Autant de pièges à gogos accrocs à la dopamine qui ont fait les beaux jours des pires jeux gachas, et la fortune des constructeurs de smartphones.

Par contre, n'attendez pas d'altérations d'état ou de faiblesses élémentaires, on n'est pas dans un RPG à papa ici, vous pourrez flinguer les Bombos à coups de boules de feu... alors que ce SONT littéralement des boules de feu eux-même, bon sang de bois, ça valait bien la peine de passer tout le récit à collectionner les pouvoirs élémentaires dites-donc, ça pète dans le CV à défaut d'autre chose. Vous aurez bien quelques petits sphériers rachitiques à remplir pour vous donner l'illusion de progresser, mais moins que dans Jedi Survivor, et INFINIMENT moins que dans Bayonetta 3, qui propose INFINIMENT plus de combos et de zones à explorer, de façon plus ludique et plus gratifiante, tout en n'ayant pas d'autre prétention que d'être un bon BTA, et en se payant même le luxe de vous permettre d'invoquer vos « Primordiaux » gigantesques n'importe quand et à volonté.
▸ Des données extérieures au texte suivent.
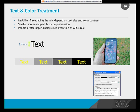The more mundane UX considerations around text and color: both legibility and readability heavily depend on text size and color contrast. Since you tend to hold the device closer to your eye than you would a PC, you want to ensure at least an uppercase character height of 1.4 millimeters measured on your device. That's the minimum — everything larger than that is a good thing.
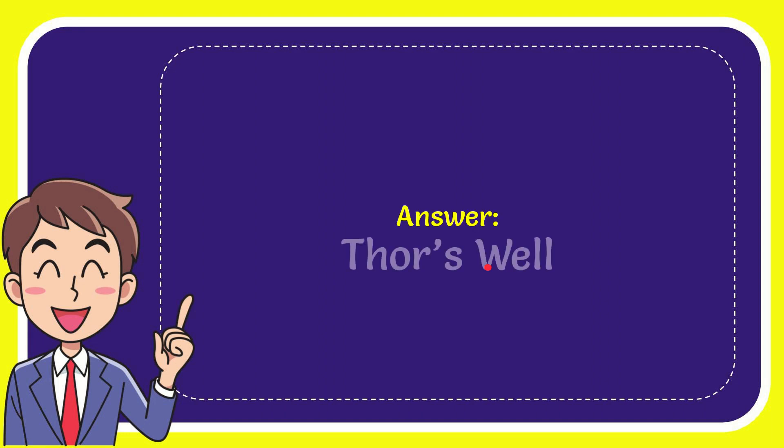Now I'll give you the answer to this question, and the answer is Thor's Well. That's the answer to the question: Thor's Well.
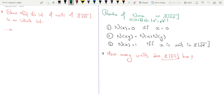For both, we'll require the three properties of the norm that we've already proved: N(x) = 0 if and only if x = 0; N(xy) = N(x)·N(y); and N(x) = 1 if and only if x is a unit of ℤ[√d], where the norm is defined as N(a + √d · b) = |a² − d·b²|.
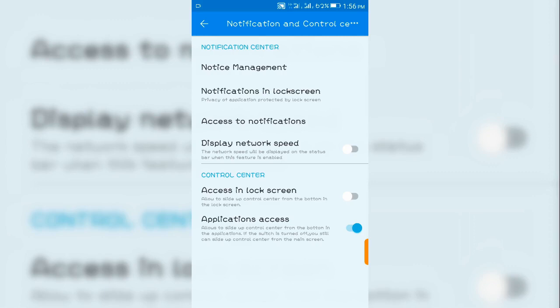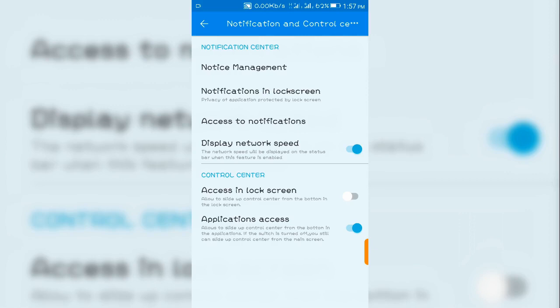And I'll have my network speed displayed on my phone status bar. There you have it, network speed is now displayed on the phone status bar, and this will help monitor the data consumption on my Android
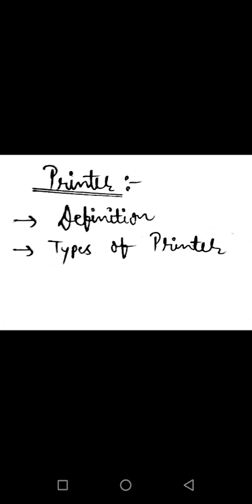Next is Non Impact Printer. A Non Impact Printer prints characters and graphic on a piece of paper without striking the paper. It means Non Impact Printer are those printers which are used for printing, but they use ink, they spray it, without striking, it means without striking they do the printing work on the page.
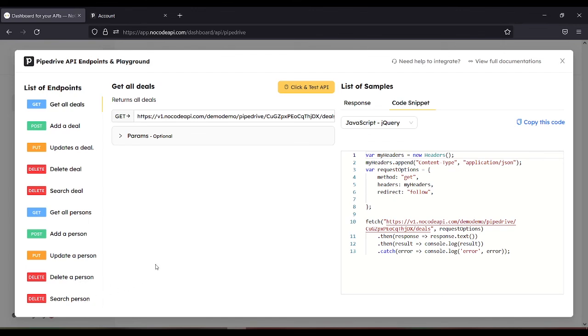So that is how you set up Pipedrive API without code. You just need to click and test API.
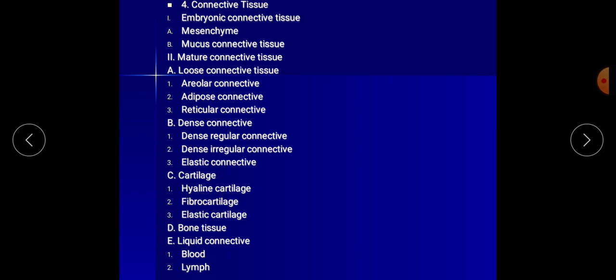Dense connective tissue is divided into three classes: dense regular, dense irregular, and elastic connective tissue. Type C is cartilage, divided into hyaline cartilage, fibrocartilage, and elastic cartilage. Type D is bone tissue. Type E is liquid connective tissue, divided into two types: blood and lymph.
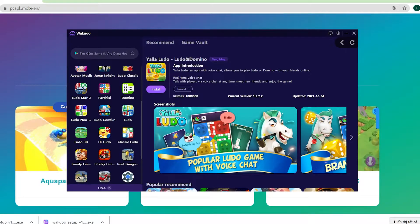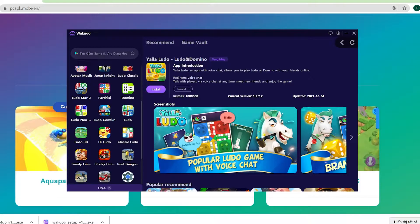Hey guys, today I'm gonna show you how to download the Yara Ludo game to your PC using the Waku emulator. This is a pretty light and smooth emulator, so if any of you guys are using low-spec laptops or desktops, be sure to check it out.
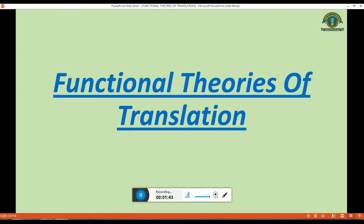In order to have a better understanding of translational studies as a discipline, we need to look at the theories of translation. In the second half of the 20th century, around the 1980s, many theories evolved in the field of translational studies which addressed divergent issues from different fields. Functional theory developed almost about the 1980s when the main emphasis of translation shifted from structural linguistics to the pragmatic aspects of linguistics. In the 1970s and 1980s, a functional and communicative approach was introduced to analyze translation of a text.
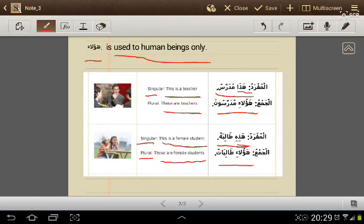To recap: هذه طالبة — this is a female student. هؤلاء طالبات — these are female students.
Je veux dire, oui, dans Final Fantasy XVI, j'ai été amené à tester mes propres combos, d'accord, mais pas parce que ça changeait quoi que ce soit ingame (les dégâts restent les mêmes, encore une idée de génie, ça), juste parce que je me faisais grave suer et j'avais envie d'appuyer un peu sur d'autres touches pour voir. Je veux dire, je ne sais pas si vous vous rendez compte mais le moteur principal de Final Fantasy XVI, c'est l'ennui. C'est grave, ça, quand même.

Alors oui, si tu n'as jamais joué à rien d'autre de toute ta vie et si tu es du genre à te pâmer devant les films Marvel ou les animés de combats avec la caméra qui tourne toujours dans le même sens (pompés sans fin d'Advent Children, qui avait au moins le mérite d'être précurseur dans ce domaine), peut-être que tu pourras vivre l'aventure la bouche en cœur parce que Clive il est trop fort et il est trop badass et il est trop beau gosse et toutes les femmes elles l'aiment exactement comme toi dans la vraie vie sauf qu'elles ne le savent pas c'est bête. Dans le cas contraire, fuis. Ou rabats-toi sur Bayonetta, qui fait ça à l'identique depuis des années, mais avec une bonne dose de second degré salvateur. Ou Nier Automata, tiens, puisqu'on en parle. Certes, les décors sont bien jolis (dans l'ensemble, et uniquement tant que le soleil brille), la bande sonore est sympathique (même si pas révolutionnaire non plus, à une ou deux ruptures de ton près), néanmoins ce ne sont pas les innombrables plagiats dont le titre se rend coupable qui redoreront sa médaille, bien au contraire.

N'ayant jamais vu Games of Thrones (pas de chance pour moi, je suis allergique au sexe et aux télénovelas), je ne pourrais pas trop me prononcer en ce qui concerne la série mais je sais quand même reconnaître un Marcheur Blanc, un John Snow ou un Sean Bean quand j'en vois un. D'autant que dans la mesure où il existe une vidéo Youtube intitulée « 49 ways Final Fantasy XVI copied Games of Thrones », je ne prends pas beaucoup de risques en partant du principe que « l'influence est manifeste ». Non parce que c'est beaucoup, 49, quand même. Je ne suis même pas sûr qu'il y ait autant d'ennemis différents dans tout le jeu.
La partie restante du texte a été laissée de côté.